Some of their most remarkable work was their Community Survival Programmes in which they provided free breakfasts to school children, free adult education, free clothing, healthcare, transport, and self-defence classes, amongst a myriad of other social programmes. The Panthers were stepping in where the government had consistently failed black people.

Unfortunately, however, not everyone was comfortable with black people exercising their second amendment rights in the same way a white person could. Ronald Reagan, then governor of California, passed the Mulford Act of 1967, banning open carry in California in response to the Black Panthers.

Yes, you heard that right, a Republican hero enacting gun control – all because those who had the guns were black and wanted to defend themselves, just as anyone of any other race would.

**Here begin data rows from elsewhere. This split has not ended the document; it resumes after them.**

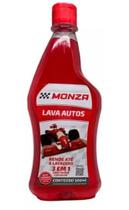 Lava autos 3 em 1 monza 500ml Lava autos 3 em 1 monza 500ml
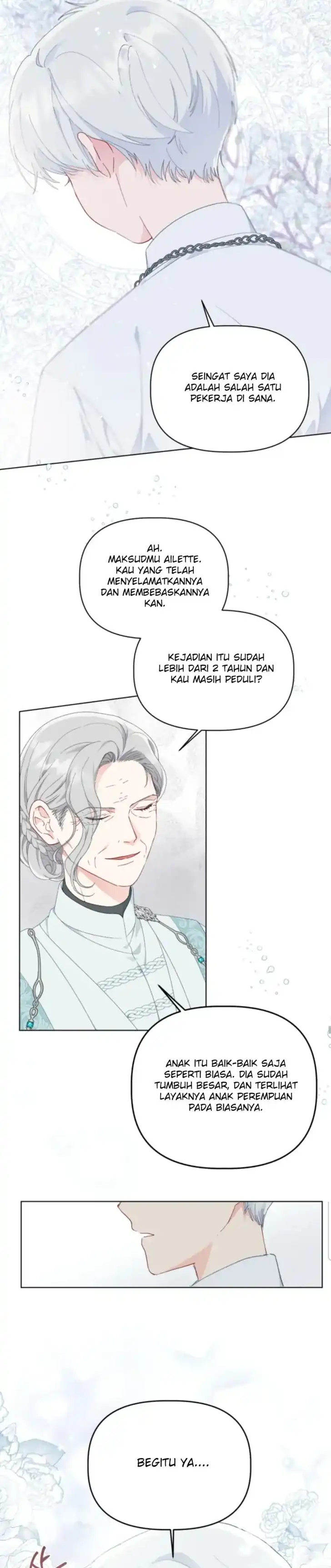 Baca A Transmigrator’s Privilege - Chapter 43 halaman 27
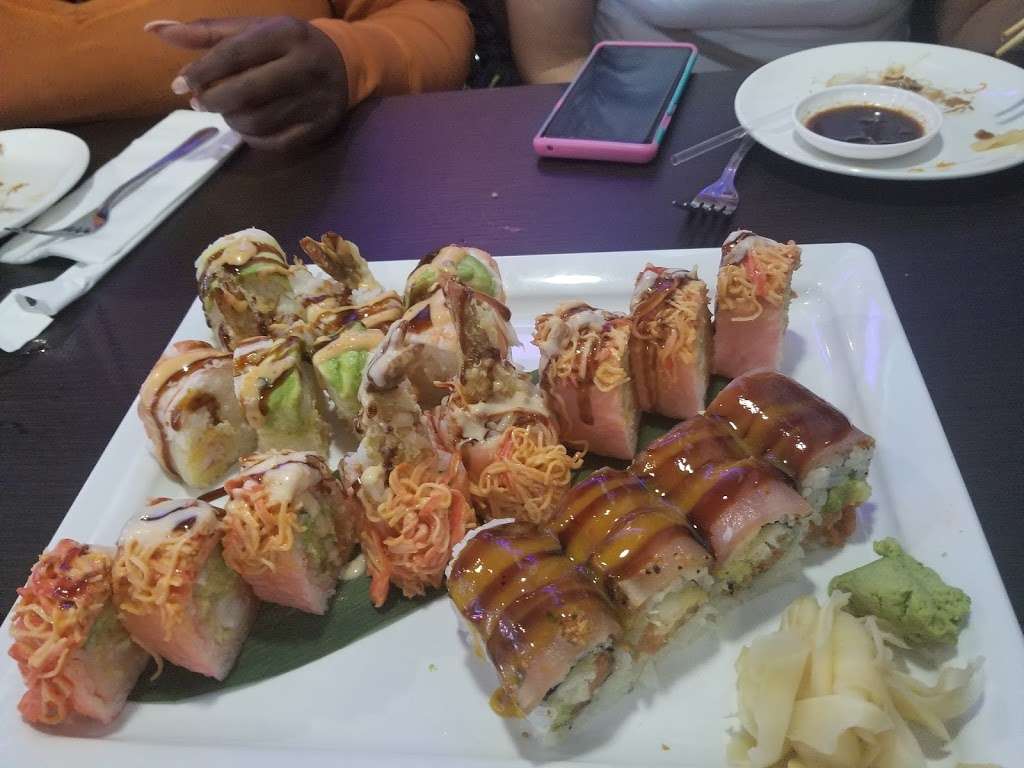 Davenport Sashimi Fusion | 7870 Lake Wilson Rd, Davenport, FL 33896, USA | Phone: (863) 420-2147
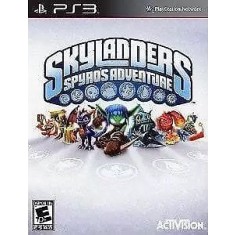 Joc PS3 Skylanders Spyro&#039;s Adventure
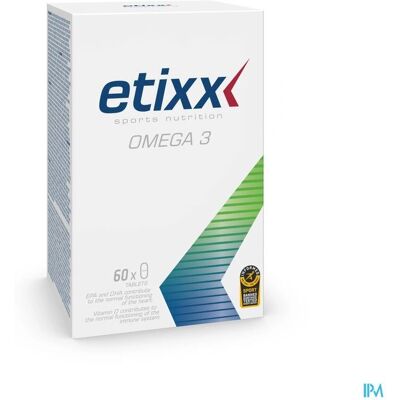 Omega 3 60 capsule - Integratore Alimentare Omega 3 60 capsule - Integratore Alimentare
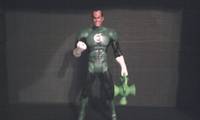 Sinestro-Green Lantern (DC Universe) Custom Action Figure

But the organised disruption of the Black Panthers by the establishment did not end here.

The most consequential was the FBI’s COINTELPRO operation, a covert, and often illegal operation designed to discredit and dismantle the Black Panthers. The operation sought to, in their own words, “expose, disrupt, misdirect, discredit, or otherwise neutralise the activities of the Black nationalists.”

One of the most shocking incidents were the deaths of Fred Hampton and Mark Clark, who were asleep in their apartment when they were killed by Chicago police officers.

The police claimed that it was a heavy gun battle in which more than a hundred rounds were fired. Later inquests indicated that only one of these bullets were fired from the side of Hampton and Clark, and that the FBI had a significant role in leading up to the raid.

The COINTELPRO operation is where many of the myths surrounding the Black Panthers came from. They were not a hate group, and although they had revolutionary ideas, the closest they came to a revolution was to give school children free food.

They were a reaction to the oppression of African-Americans at the hands of an institutionally racist state, and sought only to uplift the downtrodden in society and to build up their own forgotten communities. The price they paid for this was vilification. In 1982, after years of disparagement, the party finally disbanded.

They were not perfect by any means, but as black people all over the globe rejoice as the first black superhero film tops the box office, let us not forget the black superheroes of the past.